According to Jennifer Lewis, senior director—retirement with Willis Towers Watson, the main drivers of funded status improvement in 2021 were rising interest rates used to determine plan obligations and strong investment returns. According to the analysis, pension plan assets increased slightly (1%) in 2021, finishing the year at $1.67 trillion. Overall investment returns are estimated to have averaged 8.9% in 2021, although returns varied by asset class. Domestic large-cap equities grew 29%, while domestic small/mid-cap equities saw gains of 18%. Aggregate bonds recognized losses of -2%, while long corporate and long government bonds, typically used in liability-driven investing strategies, realized losses of -1% and -5%, respectively. Other factors: Asset growth was limited by a record year in pension risk transfers and lower-than-average cash contributions.

The positive factors might not provide the same boost in 2022, Lewis notes: “In the first two months of 2022, the economic factors have moved in opposite directions. Interest rates continue to rise, while equity returns were negative or near zero. Political and macroeconomic factors could weigh heavily on results in the near-term.”

As the report stated, pension risk transfers had a record year. One possible consequence of their improved funded status is that more plans will consider these transfers to offload part or all of their plan liabilities. “We expect some plan sponsors who have better positioned their plans to withstand market risk will continue to move forward with planned actions,” says Lewis. “This includes some frozen plans considering or executing full plan terminations.”

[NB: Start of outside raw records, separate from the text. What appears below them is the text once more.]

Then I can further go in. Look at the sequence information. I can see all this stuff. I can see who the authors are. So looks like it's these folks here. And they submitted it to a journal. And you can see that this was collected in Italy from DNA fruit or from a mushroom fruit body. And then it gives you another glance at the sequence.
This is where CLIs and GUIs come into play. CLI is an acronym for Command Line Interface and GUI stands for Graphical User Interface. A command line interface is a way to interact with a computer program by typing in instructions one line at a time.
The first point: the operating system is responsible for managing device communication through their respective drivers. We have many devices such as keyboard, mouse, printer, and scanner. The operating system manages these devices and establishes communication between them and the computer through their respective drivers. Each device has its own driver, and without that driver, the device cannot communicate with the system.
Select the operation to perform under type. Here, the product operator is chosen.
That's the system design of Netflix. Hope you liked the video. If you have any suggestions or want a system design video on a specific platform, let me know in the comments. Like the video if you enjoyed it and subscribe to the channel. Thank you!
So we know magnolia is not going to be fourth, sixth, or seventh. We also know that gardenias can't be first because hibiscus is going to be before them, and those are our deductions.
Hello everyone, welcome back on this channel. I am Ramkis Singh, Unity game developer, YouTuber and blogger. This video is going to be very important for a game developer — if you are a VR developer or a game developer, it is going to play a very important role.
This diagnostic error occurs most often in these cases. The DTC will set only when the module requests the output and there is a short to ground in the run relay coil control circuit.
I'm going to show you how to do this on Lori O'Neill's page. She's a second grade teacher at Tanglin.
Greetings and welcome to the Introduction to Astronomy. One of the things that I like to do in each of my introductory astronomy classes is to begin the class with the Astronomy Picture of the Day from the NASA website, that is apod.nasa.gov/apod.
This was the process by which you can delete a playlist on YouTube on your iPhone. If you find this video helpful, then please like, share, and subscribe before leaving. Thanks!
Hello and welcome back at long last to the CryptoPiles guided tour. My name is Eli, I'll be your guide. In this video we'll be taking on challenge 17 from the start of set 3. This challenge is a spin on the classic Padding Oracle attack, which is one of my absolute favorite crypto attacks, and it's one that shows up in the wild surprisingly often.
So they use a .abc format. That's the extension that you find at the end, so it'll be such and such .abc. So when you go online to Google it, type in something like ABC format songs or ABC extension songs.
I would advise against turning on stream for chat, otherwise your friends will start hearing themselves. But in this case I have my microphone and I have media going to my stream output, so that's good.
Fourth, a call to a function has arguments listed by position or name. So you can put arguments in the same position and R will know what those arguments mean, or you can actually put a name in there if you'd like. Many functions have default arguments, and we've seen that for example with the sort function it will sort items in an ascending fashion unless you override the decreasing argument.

Not So Good News for DC Plans

On March 1, Morningstar subsidiary Morningstar Investment Management LLC’s Workplace Solutions group announced the formation of the Morningstar Center for Retirement and Policy Studies. The center’s first issue brief, Retirement Plan Landscape Report by Aron Szapiro and Lia Mitchell, examines four aspects of the U.S. retirement system, including: trends across coverage, assets and numbers of defined-contribution plans; costs to workers and retirees within these plans, as well as their investments; the kinds of investments held by these plans; and the continued role of defined-benefit plans for today's retirees.

The report highlights several key findings: 

  • Defined contribution plans saw a $4.61 trillion outflow of money from 2011 to 2020. These outflows, which the authors believe are likely due mostly to rollovers and cash-outs, reduce plan assets, which in turn leads to higher asset management fees and lower returns for participants.
  • Plan costs vary widely, with some participants in small plans paying around double that of participants at larger plans. The authors note that “these differences in fees can add up, leaving participants with fewer assets at retirement and less ability to achieve their retirement goals.”
  • Plan sponsors appear to have shied away from considering environmental, social and governance (ESG) information and analysis, in part because of regulatory uncertainty. The report contends that this avoidance has exposed the U.S. DC system to greater ESG risk, defined as “the degree to which companies fail to manage ESG risks, potentially imperiling their long-term economic value.” The authors’ advice: Plan sponsors may wish to reexamine their investment choices using an ESG lens.

Given the success of 401(k) plans in at least partly replacing DB plans, I suspect many of us have an optimistic outlook on the U.S. retirement system. But the authors believe that optimism might be ill-founded. Per the report: “At first glance, the U.S. retirement system appears to be stable, but that obscures the fragility of a system that loses thousands of plans and billions of assets every year. … A few years of poor returns would reduce many plans’ assets, their market power, and thus their capacity to offer institutionally priced investment options.”

That’s not the most upbeat news, but it's a well-documented, thought-provoking report that’s worth reading.